An influential, conservative dark-money political group doesn’t have to reveal its donors and pay a $40,000 campaign finance fine levied by state elections officials stemming from the $4 million it spent on 2020 ballot initiatives, a Denver District Court judge ruled Friday.
Judge David H. Goldberg found that Unite for Colorado, which has since disbanded, didn’t violate a state law requiring political nonprofits to register as issue committees and reveal their funders when their spending on a ballot initiative is their “major purpose.”
The Colorado Sun refers to political nonprofits as dark-money groups because they don’t have to disclose their donors.
Goldberg’s ruling resolves a lawsuit filed by Unite for Colorado against the Colorado Secretary of State’s Office, which issued the campaign finance sanctions.
What is a dark-money group?
The Colorado Sun refers to political nonprofits that don’t have to disclose their donors like other political spending committees as dark-money groups.
Unite for Colorado spent more than $17 million on policy matters in 2020. That means the $4 million it dedicated to supporting the passage of two ballot initiatives and opposing a third accounted for only about 24% of Unite’s overall spending that year.
Additionally, the group’s individual spending on none of the three initiatives surpassed 10.5%, far below the 30% and 50% “major purpose” thresholds used by judges deciding previous similar cases.

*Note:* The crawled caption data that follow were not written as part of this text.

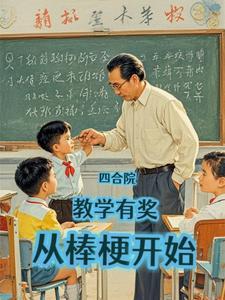 四合院教学有奖从棒梗开始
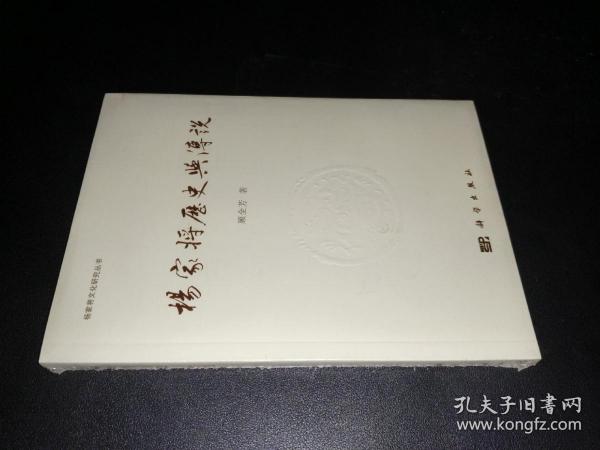 杨家将历史与传说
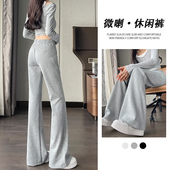 子 小个子运动卫裤 女春秋灰色加绒2025新款 冬瑜伽休闲裤 微辣喇叭裤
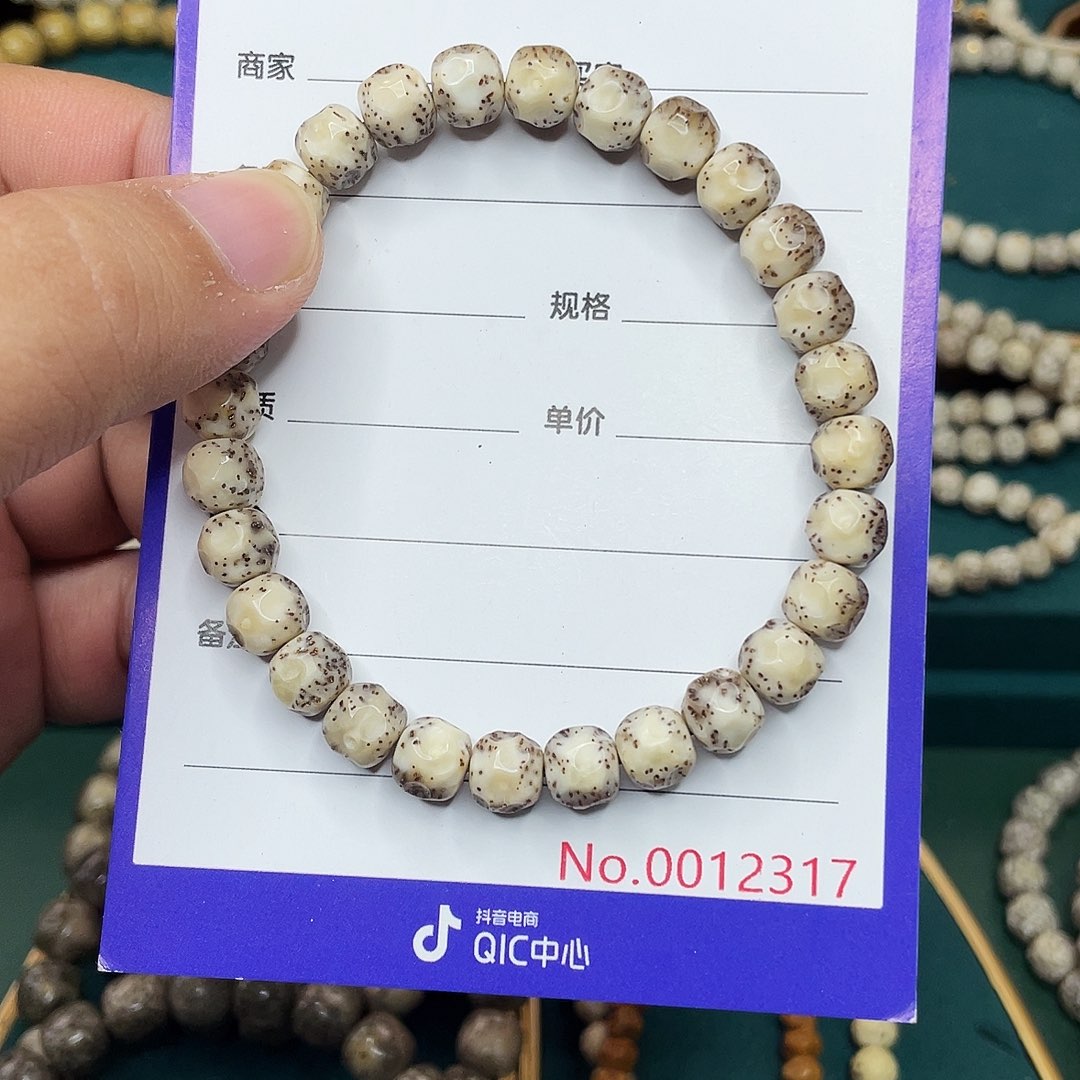 星月菩提手串星月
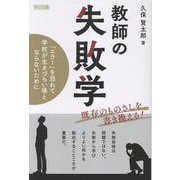 教師の失敗学 [単行本]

Unite’s spending on three successful 2020 ballot measures, according to the lawsuit, broke down like this:
- $1.5 million in support of Proposition 117, which requires voter approval for some new fee-funded enterprises
- $965,000 in support of Proposition 116, which lowered Colorado’s income tax rate
- $1.5 million in opposition to Proposition 113, which signed Colorado onto the National Popular Vote Interstate Compact
Goldberg said it was clear that none of the spending on the initiatives individually constituted a “major purpose” and that the Colorado Secretary of State’s Office erred in ruling otherwise.
Jason Dunn, a former U.S. attorney in Colorado who represented Unite in the case, called the decision by the Secretary of State’s Office to pursue campaign finance sanctions against Unite for Colorado an “attempt to create a new administrative standard.” Goldberg agreed.
“The secretary of state decided to waste time and money going after a conservative organization,” said Michael Fields, who led Unite for Colorado. He called the entire case “frivolous.”
The Secretary of State’s Office said Friday that it was weighing whether to appeal the decision.
“The Secretary of State’s Office is reviewing Judge Goldberg’s ruling and discussing the matter with the department’s legal counsel at the (Colorado Attorney General’s Office),” said Annie Orloff, a spokeswoman for Colorado Secretary of State Jena Griswold, a Democrat.
Unite for Colorado, which was formed in 2019 and bankrolled almost every major Republican effort in Colorado in 2020, has since dissolved and transformed into Advance Colorado, another dark-money conservative political nonprofit that is also led by Fields.
In 2022, the legislature passed Senate Bill 237, which changed the campaign finance rules for dark-money groups by requiring them to disclose their donors only when their spending on a single ballot measure exceeds 20% of their total spending in a calendar year and as long as their spending on multiple measures doesn’t exceed 30%.
The law change wasn’t retroactive, however, so it didn’t affect the 2020 Unite for Colorado case.